## Final Base for Recommendation (Lift & KNN)

This notebook contains the final version of the code used for book recommendation based on collaborative filtering.  
Two main approaches are demonstrated:

- **Lift-based recommendation**
- **K-Nearest Neighbors (KNN)**  


### Data Filtering and Preprocessing

In [1]:
import pandas as pd
import numpy as np
import sys

sys.path.append('../src')  
from functions_notebook_04 import split_custom_segment, display_recommendations_knn, compute_lift 
from metrics_notebook_04 import compute_knn_similarity, compute_knn_author_similarity

# Load raw data
books = pd.read_csv('../data/Books.csv', dtype={'ISBN': str}, low_memory=False)
users = pd.read_csv('../data/Users.csv')
ratings = pd.read_csv('../data/Ratings.csv')

# Clean books
books['ISBN'] = books['ISBN'].str.strip()
books['Book-Title'] = books['Book-Title'].astype(str).str.strip().str.lower()
books['Book-Author'] = books['Book-Author'].astype(str).str.strip().str.lower()
books.drop(columns=['Image-URL-S', 'Image-URL-M', 'Image-URL-L', 'Publisher'], inplace=True)

# Clean and simplify Book-Author to only surname
books['Book-Author'] = books['Book-Author'].str.replace(r'[^a-zA-Z,\s]', '', regex=True).str.strip()

# Extract surname and overwrite Book-Author
def extract_surname(author):
    if pd.isna(author) or author.strip() == '':
        return np.nan
    if ',' in author:
        return author.split(',')[0].strip()
    parts = author.split()
    return parts[-1] if parts else np.nan

books['Author-Surename'] = books['Book-Author'].apply(extract_surname)

# Clean users and assign age group
def assign_age_group(age):
    if pd.isna(age) or age < 6 or age > 99:
        return 'unknown'
    elif 6 <= age <= 12:
        return 'child'
    elif 13 <= age <= 17:
        return 'teen'
    elif 18 <= age <= 24:
        return 'young adult'
    elif 25 <= age <= 39:
        return 'adult'
    elif 40 <= age <= 59:
        return 'middle-aged'
    else:
        return 'senior'

users['Age_Group'] = users['Age'].apply(assign_age_group)
users.drop(columns=['Age', 'Location'], inplace=True)

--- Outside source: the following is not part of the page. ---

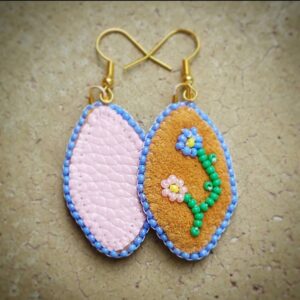 Judi Quackenbush-beaded flower earrings on leather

#Fill the missing group age using idea from notebook_03


# Clean ratings
ratings = ratings[
    ratings['User-ID'].isin(users['User-ID']) &
    ratings['ISBN'].isin(books['ISBN'])
]


# Merge all into one clean DataFrame
ratings_clean = ratings.merge(users[['User-ID', 'Age_Group']], on='User-ID', how='left')
ratings_clean = ratings_clean.merge(books, on='ISBN', how='left')

# Year from object to float64
ratings_clean['Year-Of-Publication'] = pd.to_numeric(ratings_clean['Year-Of-Publication'], errors='coerce')

In [2]:
# Count how many ratings each user gave
user_rating_counts = ratings_clean['User-ID'].value_counts()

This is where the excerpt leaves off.